The Statutes of Mortmain were two enactments, in 1279 (Statutum de Viris Religiosis, 7 Edw. 1) and 1290 (Quia Emptores, 18 Edw. 1), passed in the reign of Edward I of England, aimed at preserving the kingdom's revenues by preventing land from passing into the possession of the Church. Possession of property by a corporation such as the Church was known as mortmain, literally "dead hand". In medieval England, feudal estates generated taxes for the King (known as feudal incidents), principally on the grant or inheritance of the estate. If an estate became owned by a religious corporation which could never die, could never attain majority, and could never be attainted for treason, these taxes never became payable. It was akin to the estates being owned by the dead, hence the term.
The Statutes of Mortmain were meant to re-establish the prohibition against donating land to the Church for the purpose of avoiding feudal services, a prohibition which had originated in Magna Carta in 1215 and was specifically defined in its 1217 issue. But King John, the original signatory of Magna Carta, died the following year, and his son, Henry III, did not enforce the proscriptions and, to the contrary, showed great deference to the Church.
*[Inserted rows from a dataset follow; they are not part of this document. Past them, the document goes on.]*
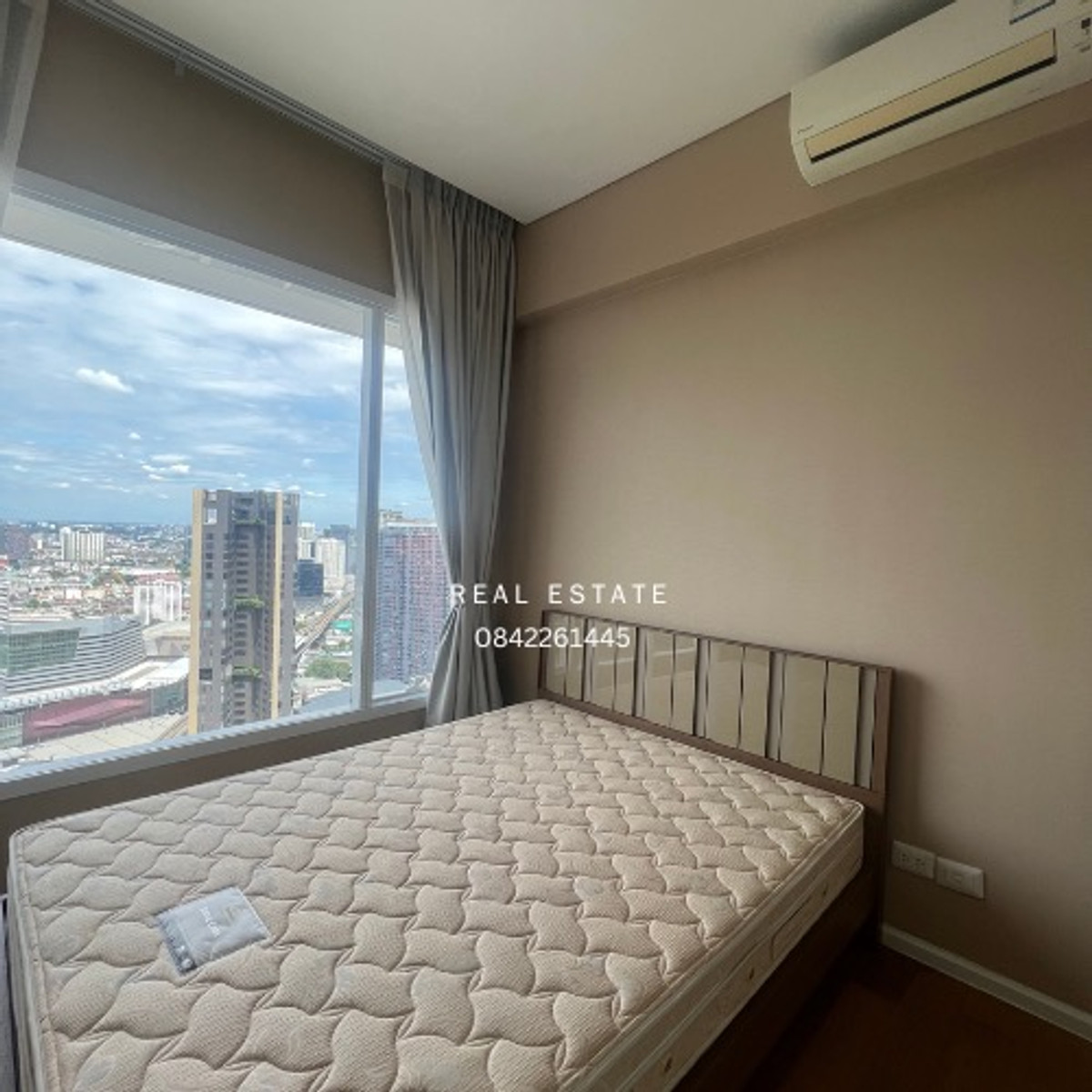 ขายคอนโดลาดพร้าว เซ็นทรัลลาดพร้าว : ขายด่วน! คอนโดหรูใจกลางห้าแยกลาดพร้าว The Saint Residences พร้อมให้คุณเป็นเจ้าของ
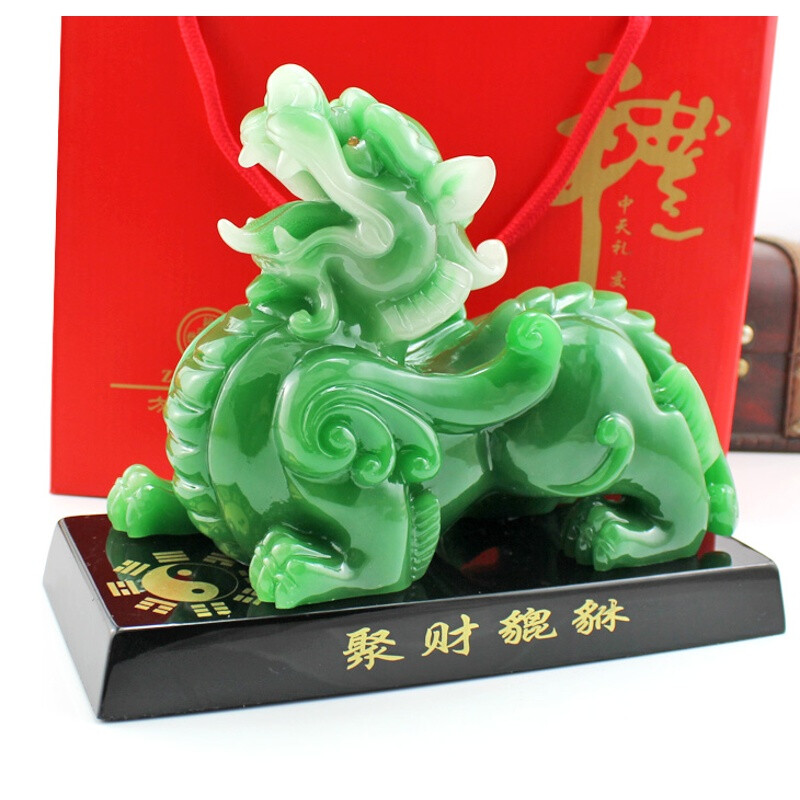 鎮(zhèn)宅納福，招財(cái)引貴 仿玉貔貅擺件，家居風(fēng)水的點(diǎn)睛之筆
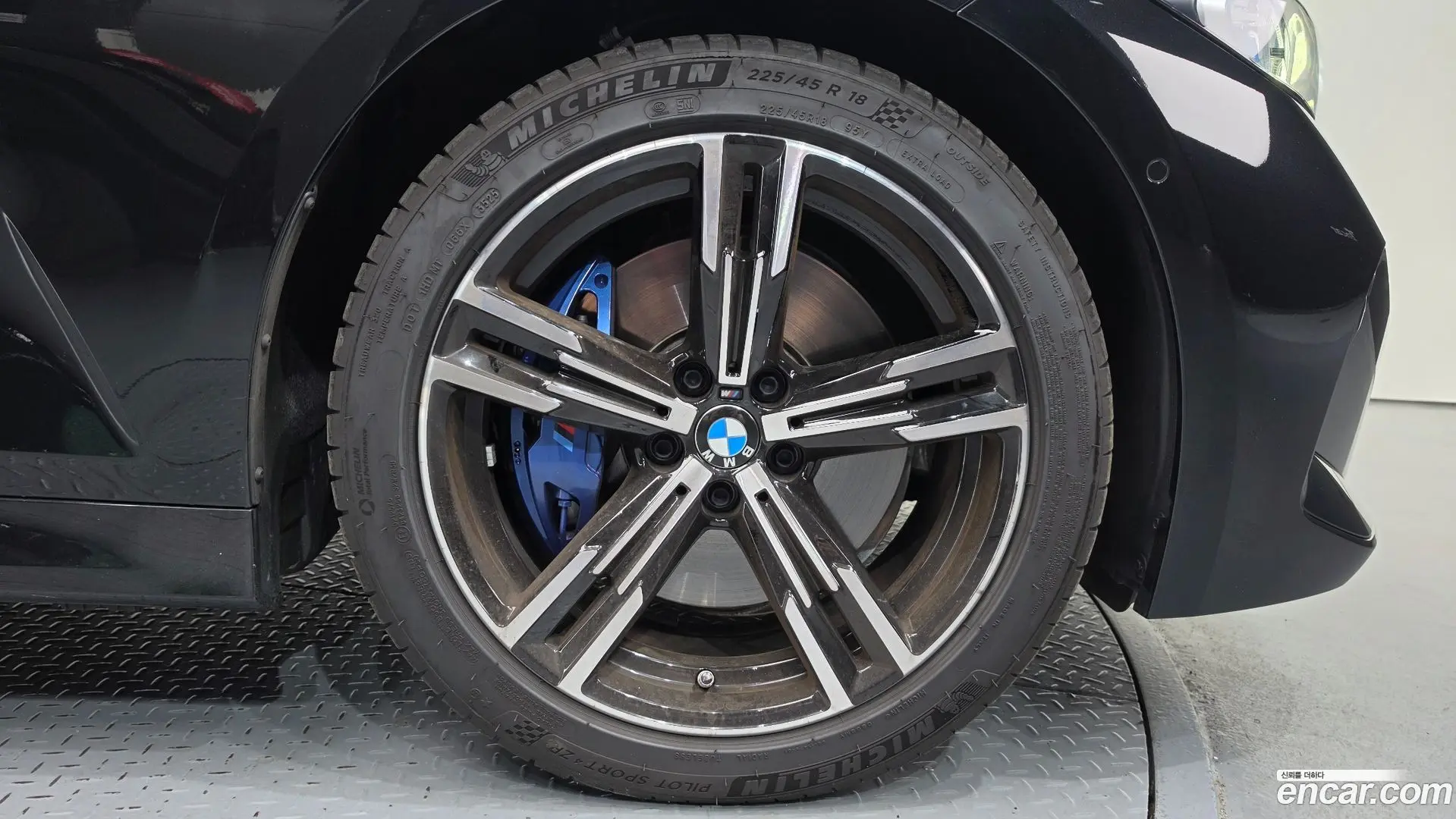 BMW 3-Series 320i M Sport 2023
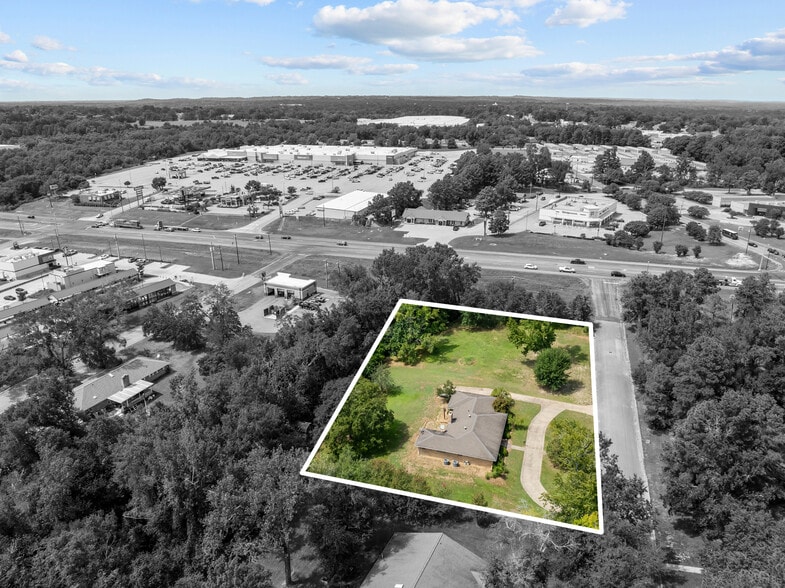 103 Wesley Dr, Palestine, TX for sale - Building Photo - Image 2 of 12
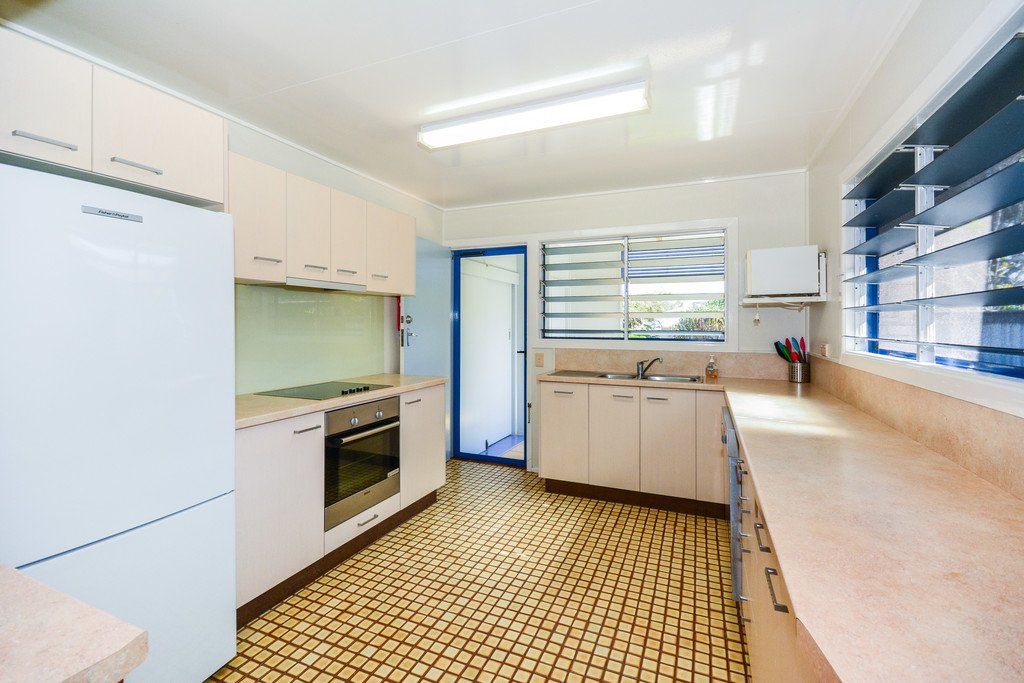 4 Queen Street FINGAL HEAD 8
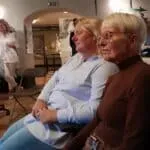 ‘Anton Pieck’ verrast Anneke Nitrauw feestelijk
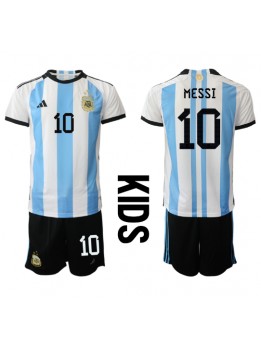 Otroški Nogometna dresi replika Argentina Lionel Messi #10 Domači SP 2022 Kratek rokav (+ hlače)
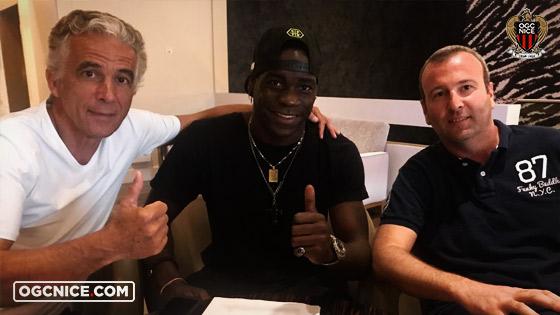 Mario Balotelli menambah masa kontrak berdurasi satu tahun bersama Nice. Copyright: ogcnice.com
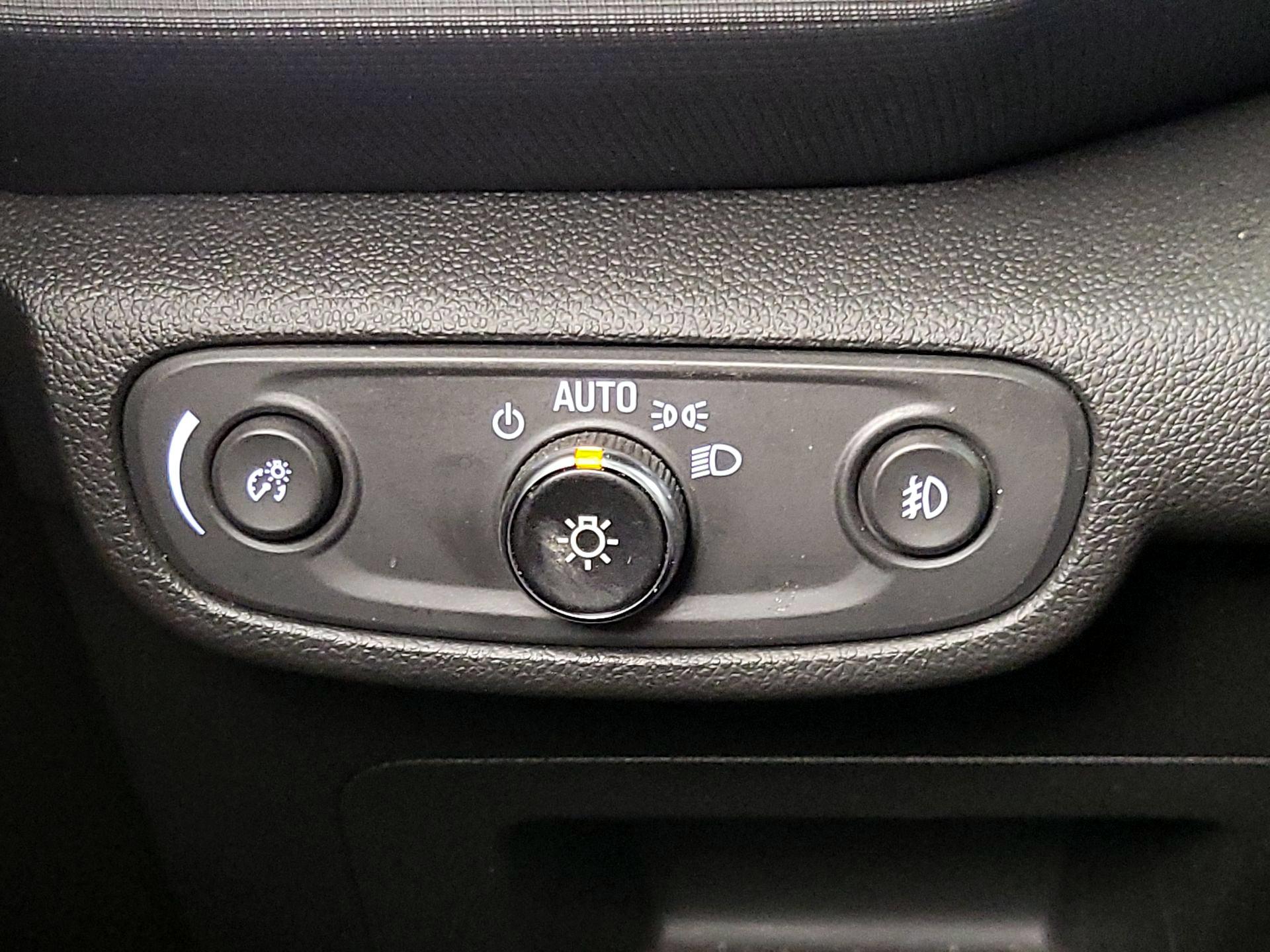 Thumbnail: 2023 Chevrolet TrailBlazer - 13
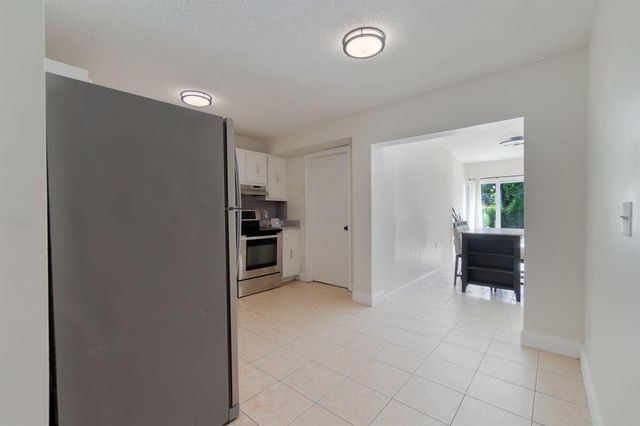 799 Ilene Road E, West Palm Beach, FL 33415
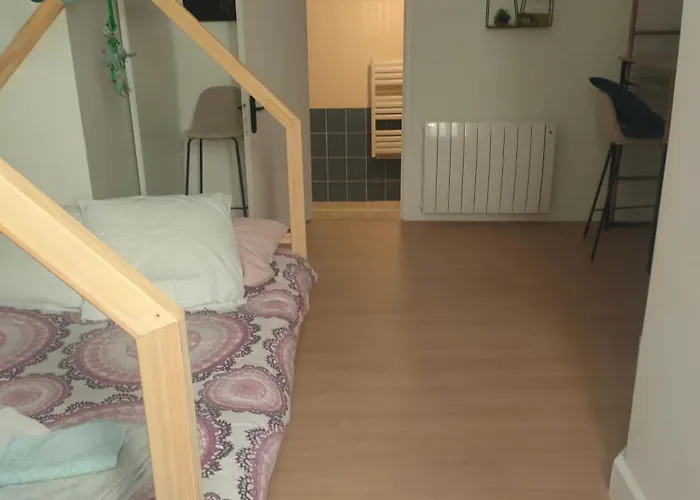Au Coeur De La Vieille Ville, Privee Independante Quarto em Acomodações Particulares Sommières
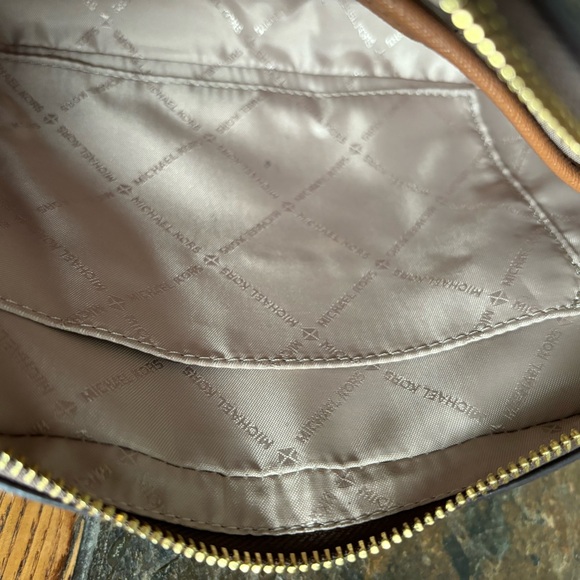 Michael Kors Crossbody bag with gold chain - Picture 7 of 8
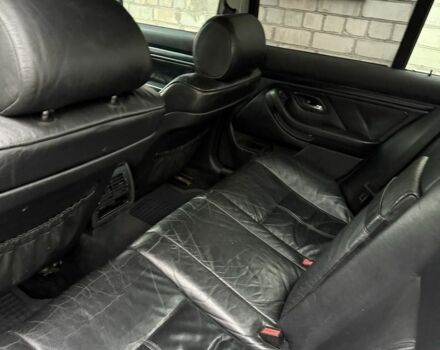 Серый БМВ 5 Серия, объемом двигателя 2.5 л и пробегом 299 тыс. км за 3850 $, фото 3 на Automoto.ua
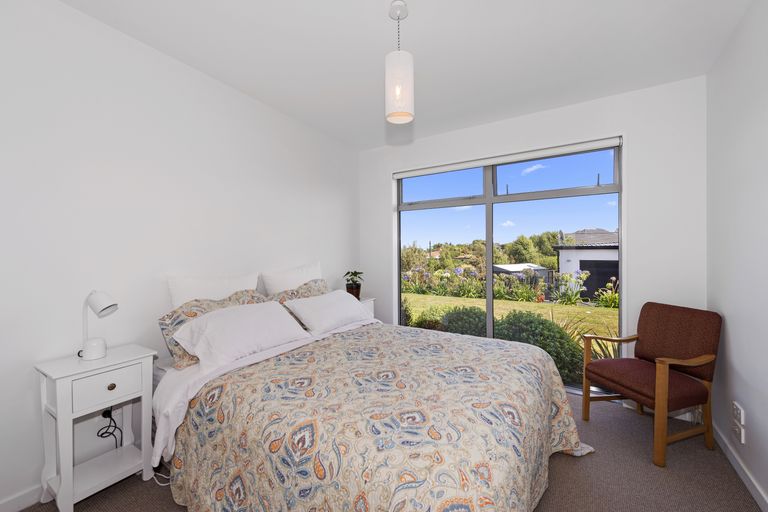 Photo of property in 348 Kennedys Bush Road, Kennedys Bush, Christchurch, 8025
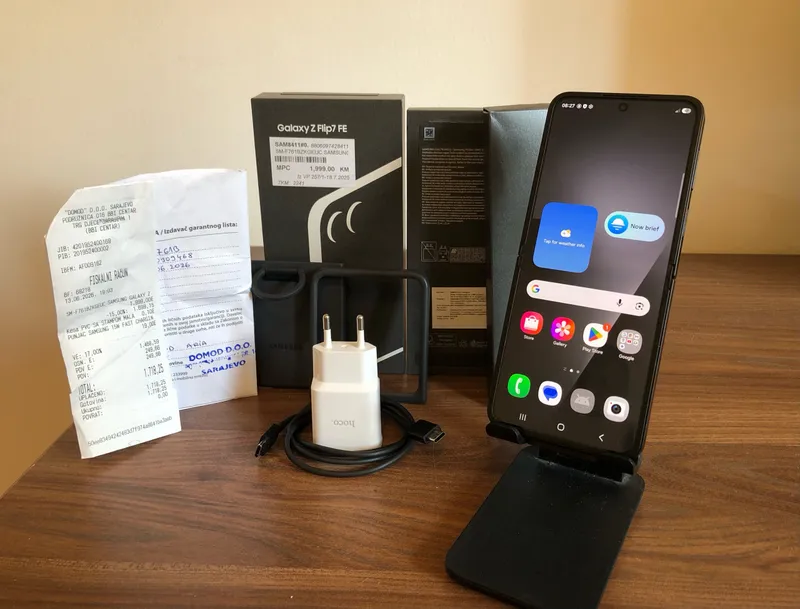 Samsung Galaxy Z Flip 7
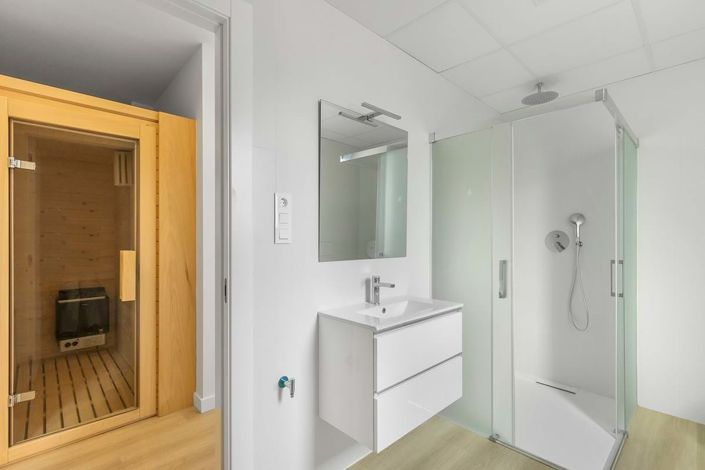 Image No.35-2 Bed Apartment for sale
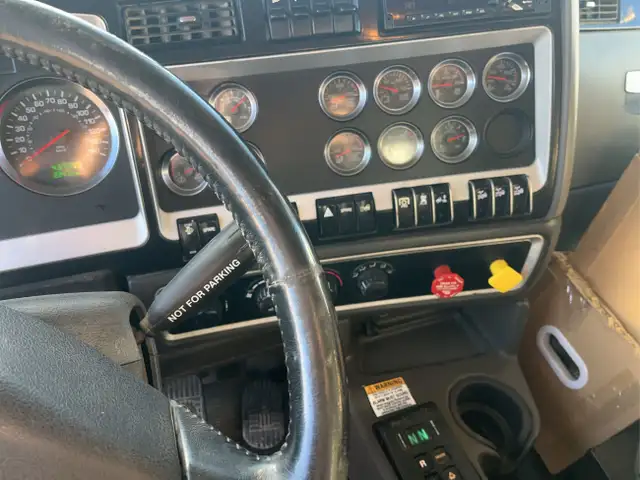 2016 Kenworth T800 in Heavy Trucks in Calgary - Image 15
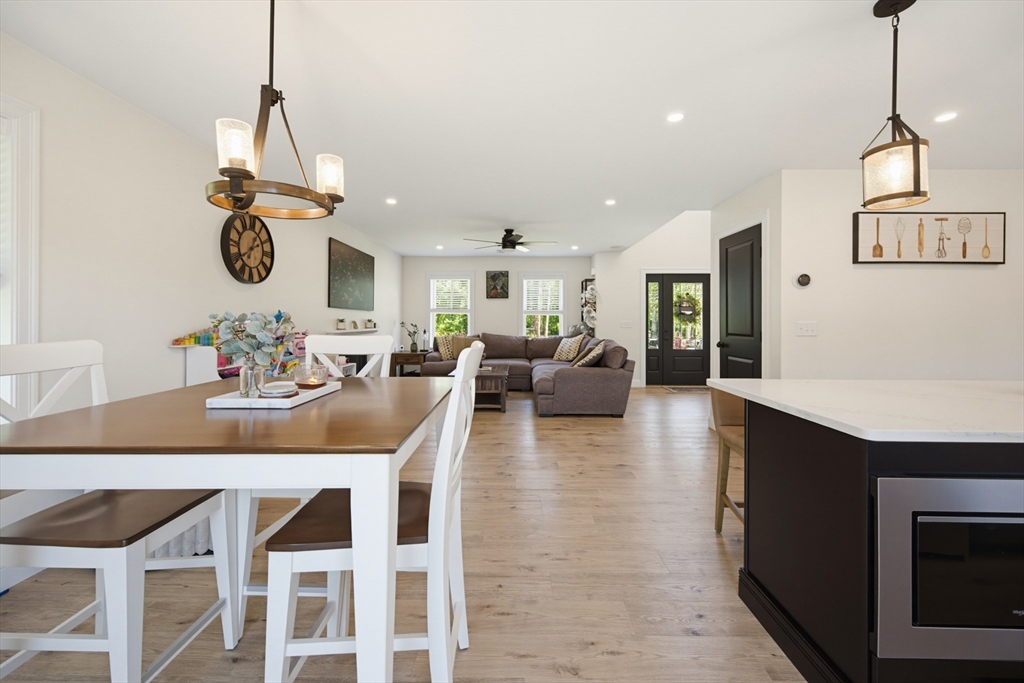 1479 Main Street Acushnet, MA 02743 - Photo 14 of 42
Henry's son, Edward I, desired to re-establish the precedent set by the 1215 and 1217 issues of Magna Carta. The Statutes of Mortmain thus provided that no estate could be granted to a corporation without royal consent. However, these statutes proved ineffective in practice, and the problem of Church lands persisted, due to the development of the device of the cestui que use, which side-stepped the royal courts and began – in the ecclesiastical courts – the development of the law of trusts, which separated the legal ownership from the right of occupation or use of land. The issue was only finally resolved in 1535, when Henry VIII dissolved the monasteries, confiscating all monastic lands for the Crown, though the bishops remained endowed with much land.